National Parks do employ Rangers – in Scotland they are called Wardens – but it isn’t their job to roam the National Park acting as guides. Indeed, there’s not that many of them. National Parks cover 10% of the landmass of the UK. One of the largest Parks in England has only two Rangers.

Q. Can I get WiFi in National Parks?

Not unless its supplied by your accommodation or the pub you’re sitting in. You might not even get a phone signal.

Q. Should I always shut gates in the countryside?

The Countryside Code says that gates should be left the way you find them. If they are open, leave them open.

Q. As a taxpayer I can camp or party all night long in National Parks, right?

National Parks Authorities don’t actually own much of the land in National Parks. Most of it is privately owned and a great deal of it is particularly sensitive: either as a habitat or culturally. You need to follow the guidance given by each National Park about camping, it can be quite restrictive but that’s with good reason. National Parks are definitely not festival sites.

Q. Can I have a camp fire to warm up or brew some tea?

Definitely not. Fires damage the landscape even if they are kept under control. Wildfires cause irreparable damage every year and endanger life and property. They can last for days.
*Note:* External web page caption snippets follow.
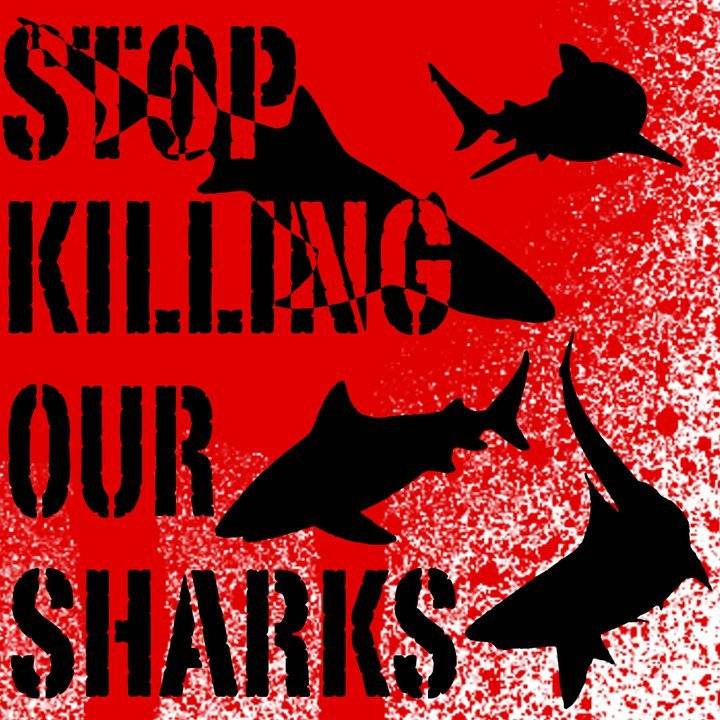 killing shark is stupid poster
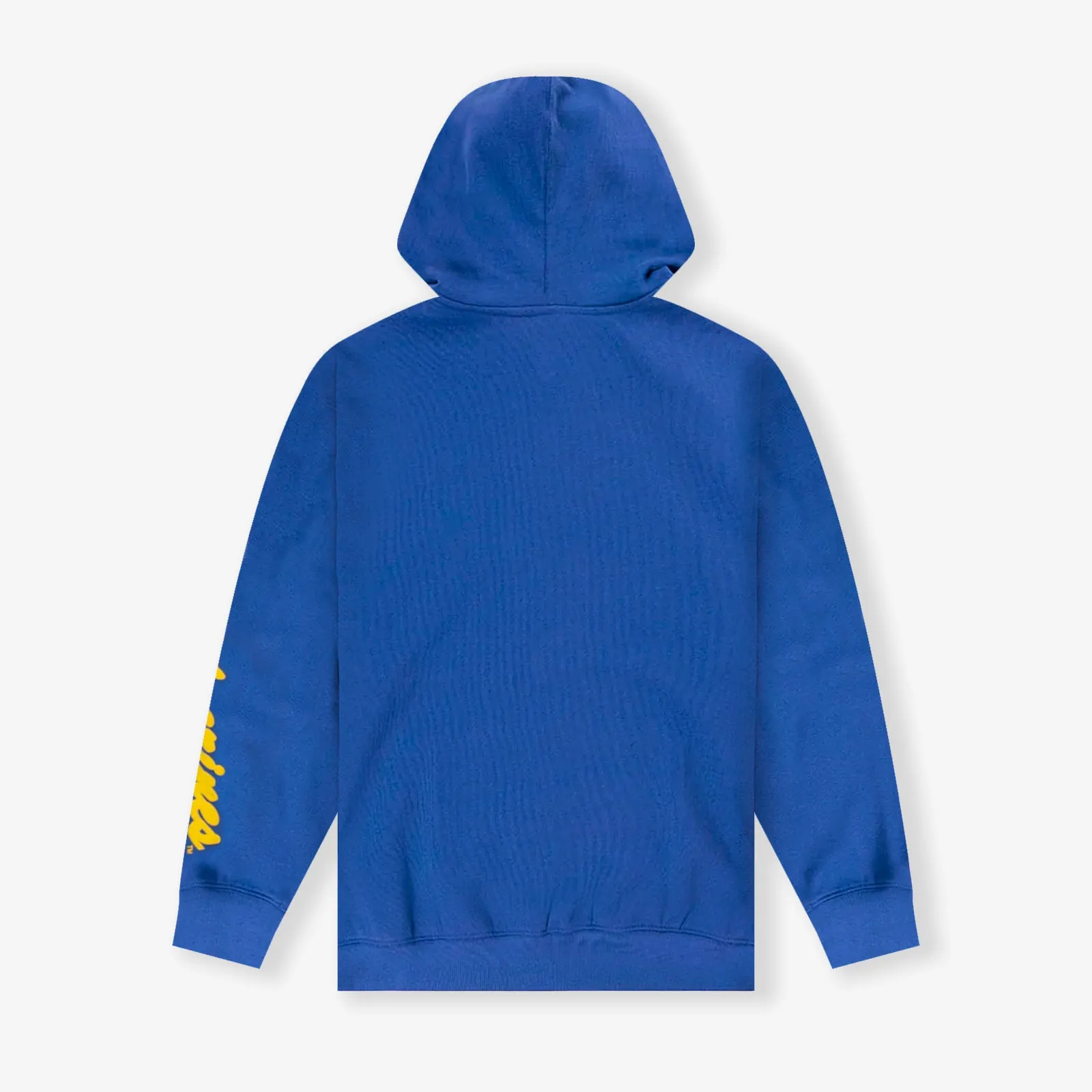 Michigan Wolverines NCAA Puff Print Hoodie - Blue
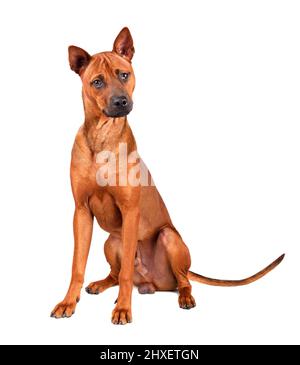 Sitzender junger roter Thai Ridgeback Hund isoliert auf weißem Hintergrund Stockfoto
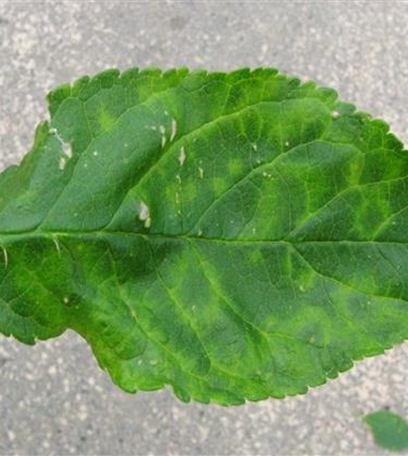 Scharkakrankheit an Pflaumen und Zwetschen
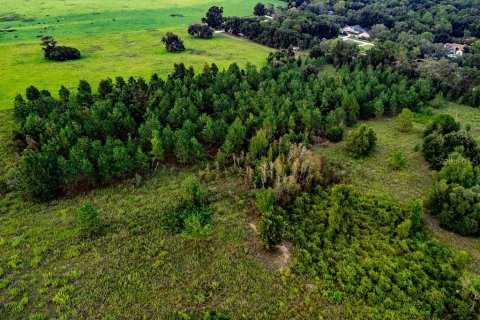 Land in Lecanto, Florida № 2267190 - photo 22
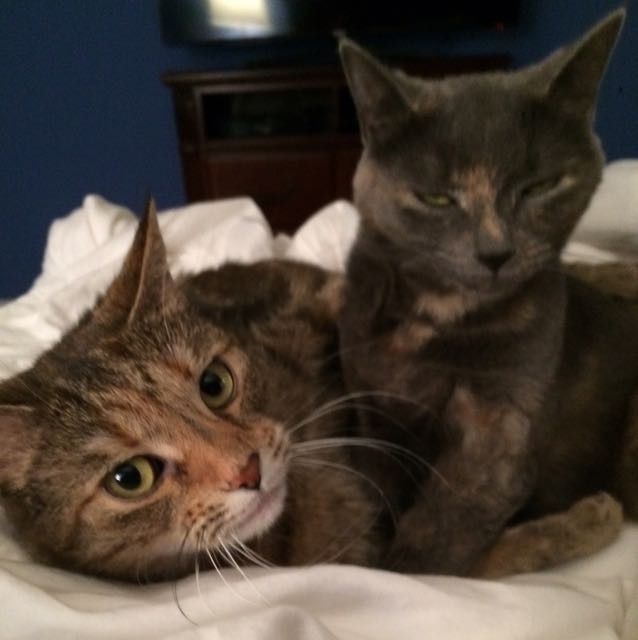 NWR Animal Lovers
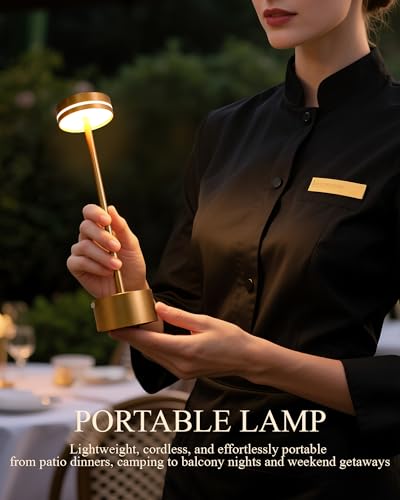 2 Pack LED Cordless Table Lamp Rechargeable (2 Count)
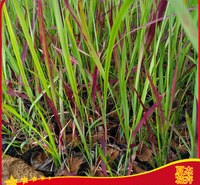 花带栽植苗  日本血草工程苗   芽多苗壮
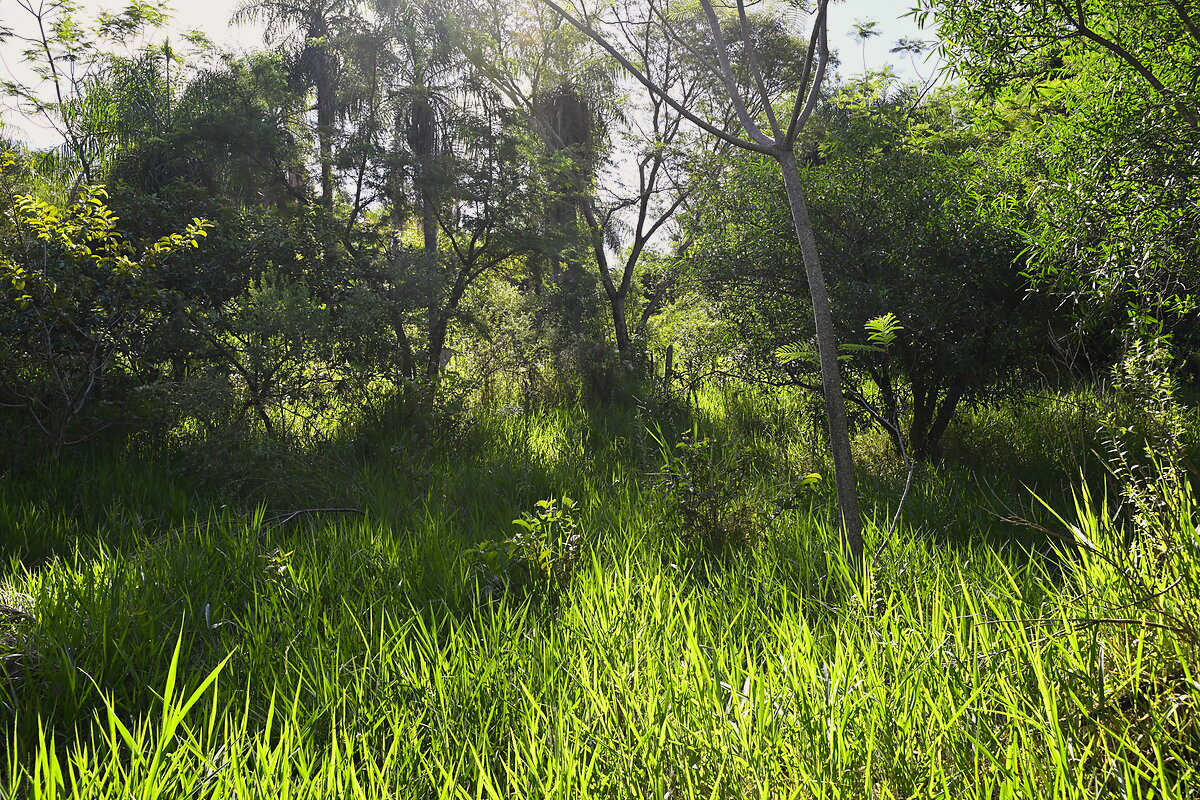 Grundstücke in Altos Paraguay – Heppner Lotes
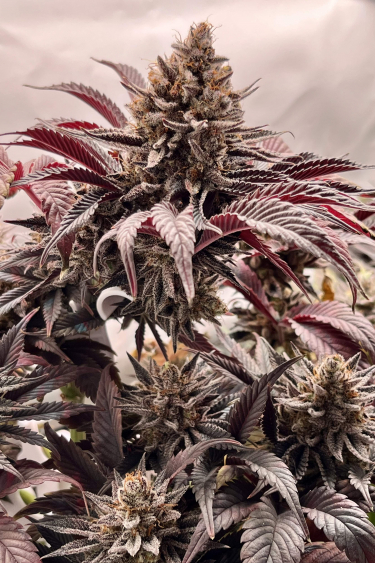 Instagram Purple Lemonade FF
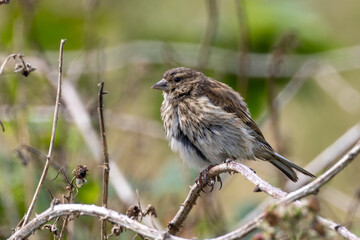 Juvenile Linnet (Linaria cannabina) - Common in farmland heath and coastal scrub across Europe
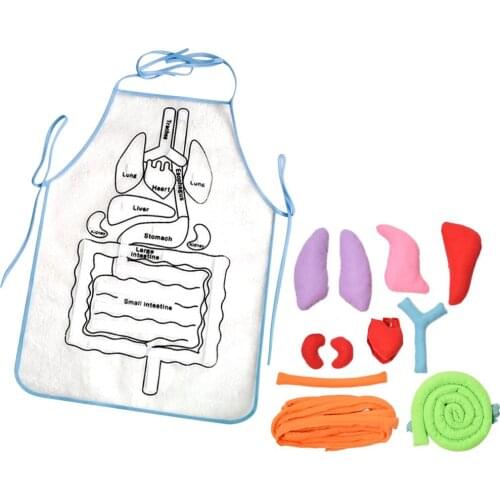 Human Body Apron Teaching Equipment Childrens Educational Enlightenment Stereoscopic Organ Apron Early Education Teaching Aids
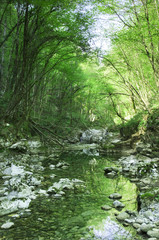 Mountain stream in early summer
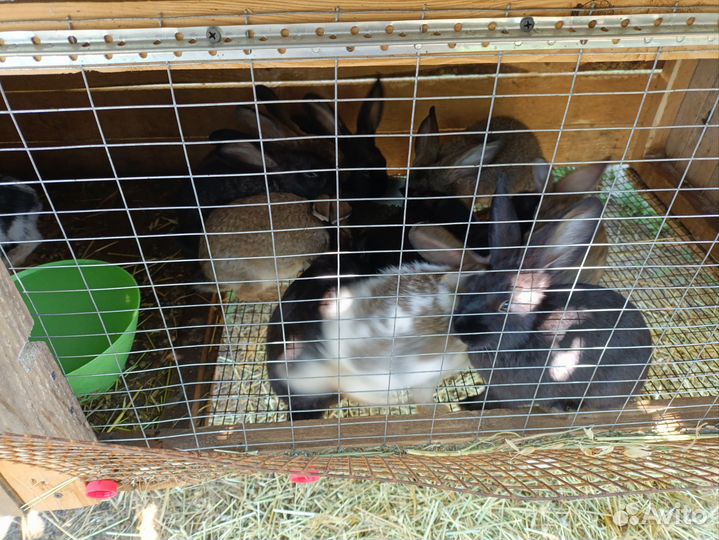 Кролики крольчата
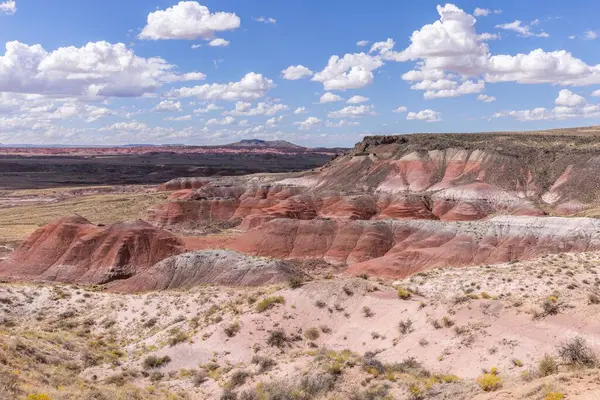 Taşlaşmış orman Milli Parkı Arizona, ABD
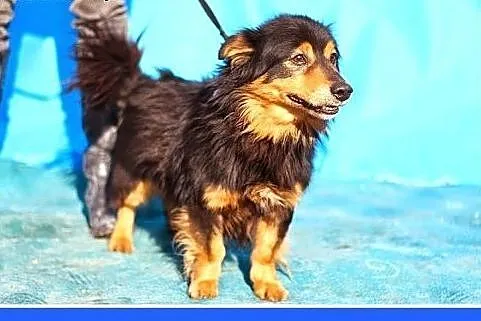 7 kg,wesoły,przyjazny,kontaktowy piesek długowłosy.ADOPCJA,  małopolskie Kraków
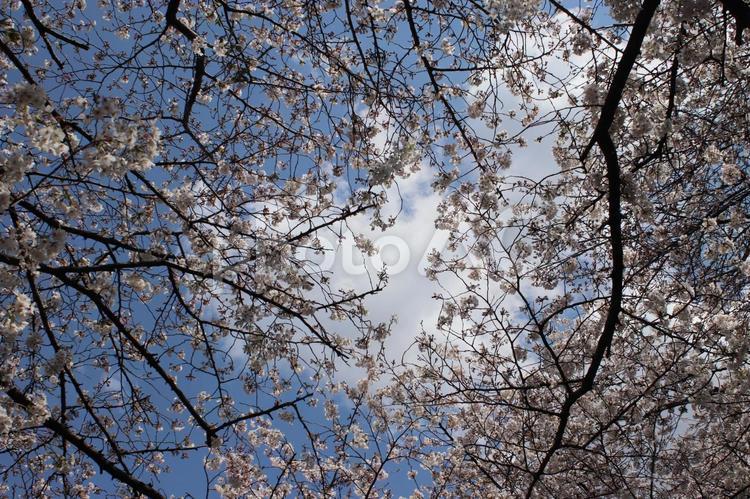 桜の木の下から見上げた青空 桜,春,満開の写真素材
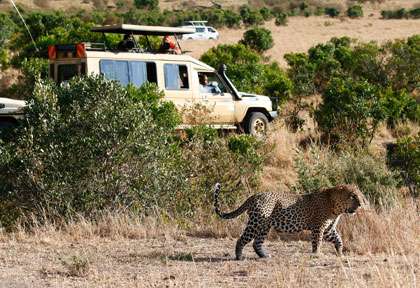 véhicules de safari autour d’un léopard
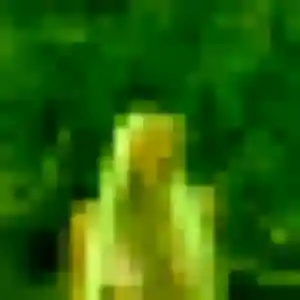 Soukeyna, femme de 27 ans cherche plan cul à Ploudaniel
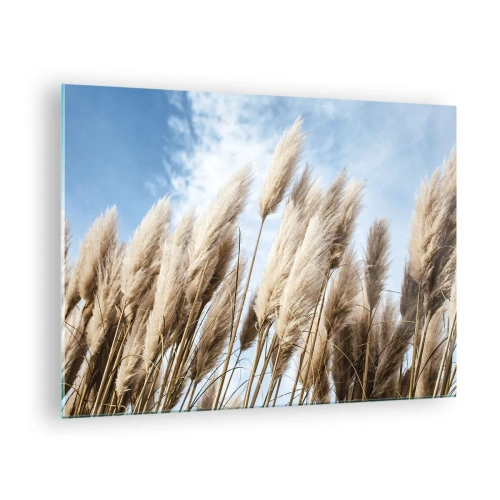 Obraz na skle - Dekoratívne pampové trávy proti modrej oblohe - 70x50cm - Slnečné a veterné pohladenie - Moderná nástenná dekorácia do obývacej izby a spálne ARTTOR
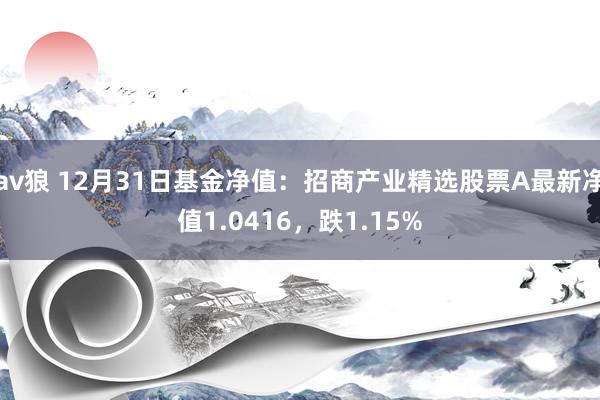 av狼 12月31日基金净值：招商产业精选股票A最新净值1.0416，跌1.15%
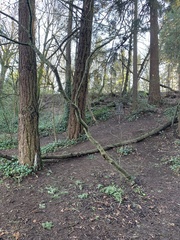 Acer circinatum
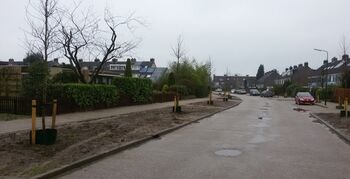 Bunnikers beslissen mee over bomen in hun straat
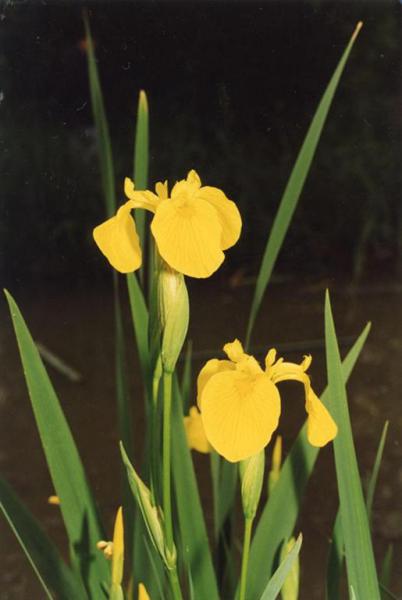 Parco Nord - Fiori di giaggiolo palustre (Iris pseudacorus) - Flora spontanea - Foglie - Documentazione naturalistica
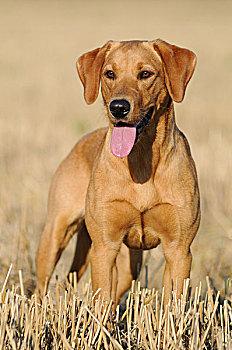 20221120203951_88496 20221120203951_88496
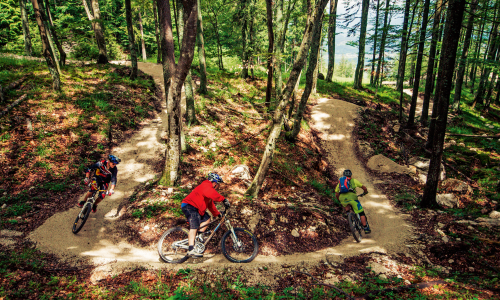 Top 20 MTB-Trails zum Einstieg 2025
Q. BBQs are OK though aren’t they? That’s what those disposable ones are for surely.

Leave the BBQ at home! Those wildfires…most of them are caused by BBQs, especially the single use ones. Some National Parks have started a campaign to ban them, they smoulder for ages and couldn’t be better at starting wildfires if they’d been specially designed for the task.

Q. Can I bring my dog to a National Park?

Please do, they’ll love it too. You need to keep them under control though and put a lead on when signs tell you to. There’s loads of areas with ground nesting birds and even the best behaved dogs will struggle to curb their natural instincts. And it goes without saying, if your dog does a poo – anywhere – bag it and bin it.